Always suspicious of hype, I went into his VISION quite skeptical. Long story made short, his VISION lives up to the hype. You can come into it not knowing anything, and be quickly swept away by the sheer power, and humanity and hurt; in a story about what it means to be human, in an inhuman world.
It truly is fabulous and if you have never read it, it is a highest recommendation. There is a just dropped hardcover available at remaining Bookstores everywhere.
His MISTER MIRACLE released half a dozen Slims in 2017, the issues were definitely good, though the final verdict is out till he sticks the landing this year. Like the VISION and his earlier OMEGA MEN, it is about a damaged character, a broken character. A slightly off kilter world view. So far all titles are relatively intriguing and well crafted. In the case of the VISION masterfully crafted.
Then we come to the books up for review this installment, BATMAN VOL 1-3 from the DC Rebirth Line of books, by Tom King.
The irrationality and poor decision making and erratic, even stupid, behavior; that worked well in the tale of a broken Android, a torn freedom fighter, and a suicidal God, does not work well in the BATMAN books.

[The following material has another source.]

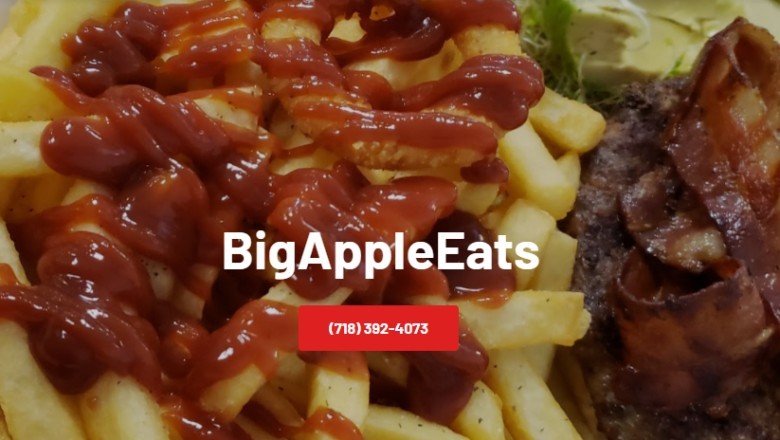 Astoria Greek Restaurants in NYC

The very conceit for the whole three volumes, is that Batman (the world’s greatest detective and inventor), is distraught about an emotionally damaged ward, and decides in a world of super scientists, magicians, and Gods, the only way to help his ward, is by stealing a mediocre villain, with the power to make people feel happy, so he can smile at Batman’s traumatized ward and make her feel happy. If that is not a brain-dead enough premise, it becomes even more moronic, when he decides to accomplish this by putting together a suicide squad and risking war and death, and doing this knowing it will wake a retired and sleeping dragon.

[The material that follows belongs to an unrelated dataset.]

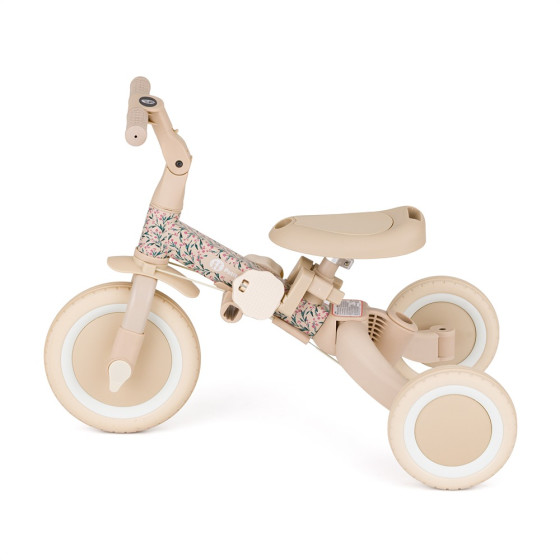 Petite&Mars - Turbo - Tricycle Enfant Multifonctionnel 5en1 Petite&Mars - Turbo - Tricycle Enfant Multifonctionnel 5en1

It is just the type of moronic plotting one tends to associate with brain-damaged villains seeking world conquest, not the resourceful Batman. And adding stupidity on stupidity, KIng redefines what drives Batman, to be not a sense of justice, or outrage, but a desire toward… (wait for it) Suicide.
And that definition doesn’t stick. Not with any interpretation of the character that makes sense. The desire to die doesn’t push you to be a beyond Olympic level athlete, it doesn’t push you to endure, it doesn’t push you to overcome.
Ultimately this addled definition is Tom King’s definition of the character, unfortunately, it seems to be the same broken, frayed creature that he tries to shape all the characters he writes into. And what worked with THE VISION, and THE OMEGA MEN, and seems to be working with MISTER MIRACLE, does inherently not work, does not graft, does not fit… onto the character of Bruce Wayne/Batman. Plus I can really do without the Yellow costumed Sidekick. I can do without the sidekick dynamic period. Either make him his own character (his own man) and get him out of the insipid yellow costume, or don’t have the character in the book.
Tom King is instead of tailoring the story to the character, seemingly making every character fit into the same story mold. All Tom King’s character are horrible tacticians, who make horrendous plans. That is not any type of Batman I want to read about. I picked up the three Tom King Batman volumes from the library to give a try, and I am so glad I didn’t buy them. It is surprisingly uninteresting, tedious, and disappointing reading.